One key element of disabled people’s integration in the society is their participation in the labour market. Article 27 of the UN Convention on the Rights of Persons with Disabilities sets out “the right […] to gain a living by work freely chosen or accepted in a labour market and work environment that is open, inclusive and accessible to persons with disabilities.” As opposed to the open labour market, in sheltered employment disabled people work together in a segregated setting and they can be trained and supervised by other disabled people. Their salaries are commonly lower than in regular employment. Sheltered employment creates a “closed circle”, because it perpetuates the isolation and segregation of disabled people from the society, and in the long term negatively impacts the productivity and community integration of people with disabilities. Segregation of disabled people in sheltered employment decreases expectations and enhances negative public attitudes. Very few people progress into competitive employment. The sheltered employment model assumes that disabled people are less productive, and “protects” them against the open labour market. For the right to work to become a reality, disabled people should be offered different employment options, in order to be able to choose the type (and amount) of work that best suits their needs.

 

11. Is inclusive education important for Independent Living?

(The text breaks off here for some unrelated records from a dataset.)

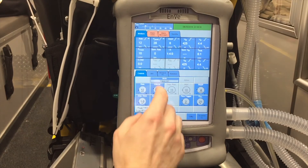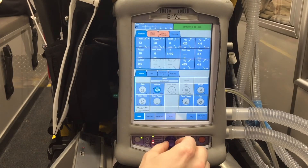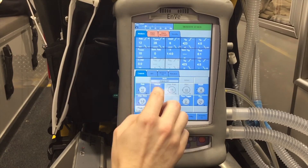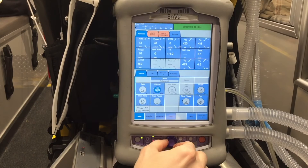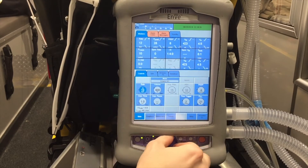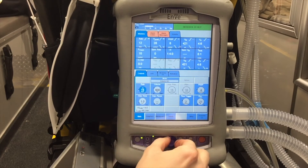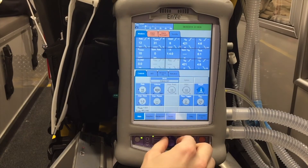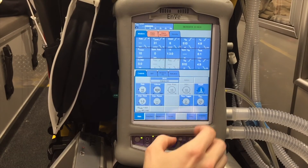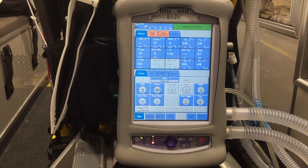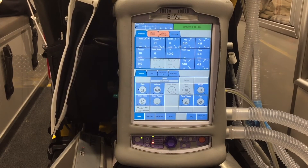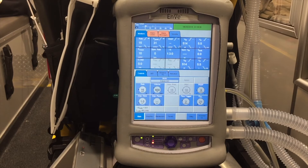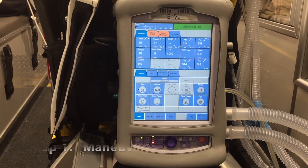Now that our ventilator is on, we'll go ahead and punch in some settings. We'll set a tidal volume of 600, a rate of 15, and a PEEP of 5. Now that we have our settings in, we can connect to our patient, and once we're connected we can check a plateau pressure.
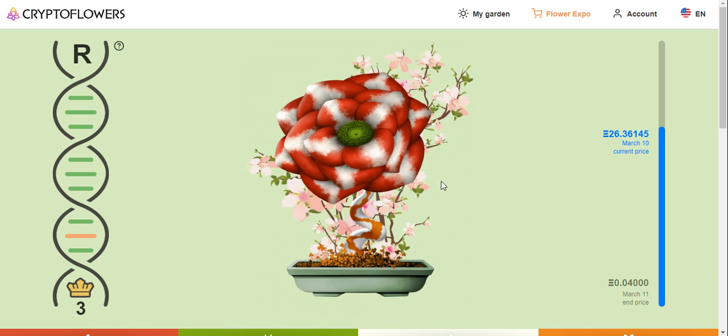Hi everybody, welcome to Deeds Crypto. In this video I'm going to show you the new development on Crypto Flowers.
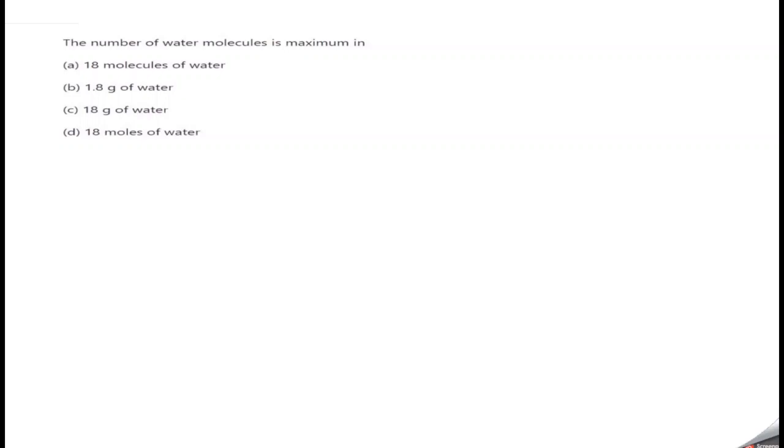Hi students, welcome to another session of Brainiacs. Today we have a question: 'The number of water molecules is maximum in...' You can see four options — option A: 18 molecules of water, option B: 1.8 gram of water, option C: 18 gram of water, and option D: 18 moles of water. First, I'll explain why the examiner is putting a question like this.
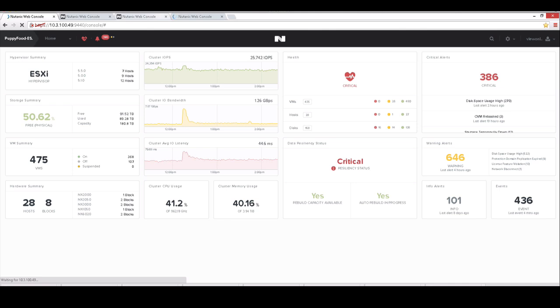Today I want to give you a brief overview of Prism Element and Prism Central. Prism Element is our distributed UI that we run on Nutanix. It doesn't require any additional software. It's a distributed application that runs on every node. Once logging into our Prism UI, which is all HTML5, you don't have to load any Java. You're presented with a really nice dashboard of what's going on.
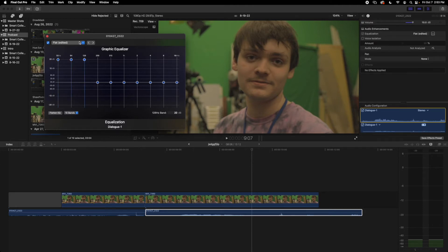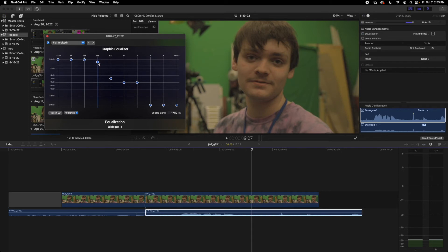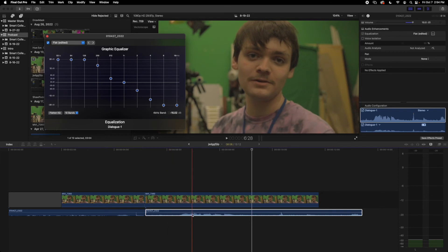Then we're going to take down our treble all the way, and then we're going to kind of balance it out like this, make it a little curve there. Now we can listen to it again. We'll take down our volume because it's going to be pretty loud.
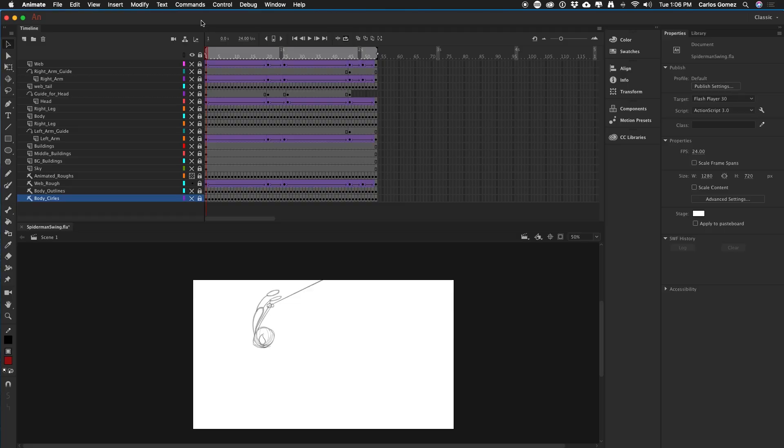Hi everyone, welcome back. A couple of weeks ago I was showing you guys how to animate in Animate — I can't wait for them to change the name of that, it's really weird, what else are you going to do in Animate? A couple of weeks ago we took a look at the first part of animating a Spider-Man type of character in Adobe Animate. Today we're going to go ahead and finish that up. Let's go to the computer. As a reminder, let's run through this animation.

Being included in mainstream education is a first and a very important step towards Independent Living for disabled children, and their families. The right to education is set out in Article 24 of the UN Convention on the Rights of Persons with Disabilities, which requires States to ensure that disabled people “are not excluded from the general education system on the basis of disability, and that children with disabilities are not excluded from free and compulsory primary education, or from secondary education, on the basis of disability.” Disabled people have a right to access “an inclusive, quality and free primary education” in their local communities.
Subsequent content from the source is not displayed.